You might be fine leaving it until fall. Basically like "fallowing" in a renovation. Let the weed seeds grow and then kill them all right before seeding. I've never dealt with sod, but wouldn't the heat of summer be a rough time to install sod?


----------



## Bkell101 (Jun 25, 2018)

lawn company is installing sod end of july on my next door neighbors front lawn, I was wondering the same in terms of summer and sod.....either way, I noticed that I have wayyyy more creeping bent grass than I realized. I think you are right on the renovation path.


----------



## Cincinnati guy (Mar 6, 2018)

Trying not to hi jack this thread but the weed preventer is tenacity on with the fertilizer?
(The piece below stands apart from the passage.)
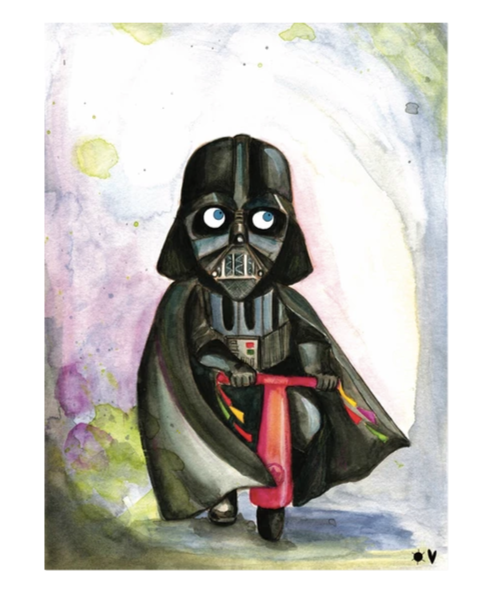 Kid Vader on scooter A4 poster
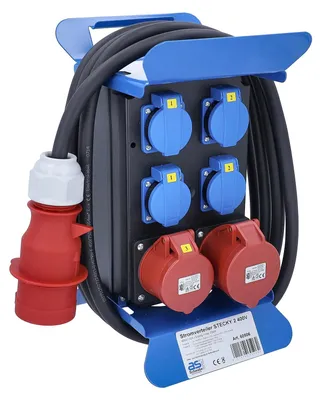 Image de Distributeur d'alimentation CEE portable avec 4 prises Schuko et 2 prises CEE, indice de protection IP44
Can this be used as a regular fertilizer? Seems like a 2 in 1 product! Or can this only be used on new turf?


----------



## g-man (Jun 15, 2017)

It is tenacity and it last around 30days. There is a yearly max and it will be expensive. A proper preM product (ie. Prodiamine) will provide 6-9months (based on rate) of protection and very inexpensive.


----------



## Bkell101 (Jun 25, 2018)

Will the Scott's product kill existing bent grass or is it only pre emergent?


----------



## g-man (Jun 15, 2017)

I don't know. Maybe. I know the liquid applied foliar will treat bentgrass.


----------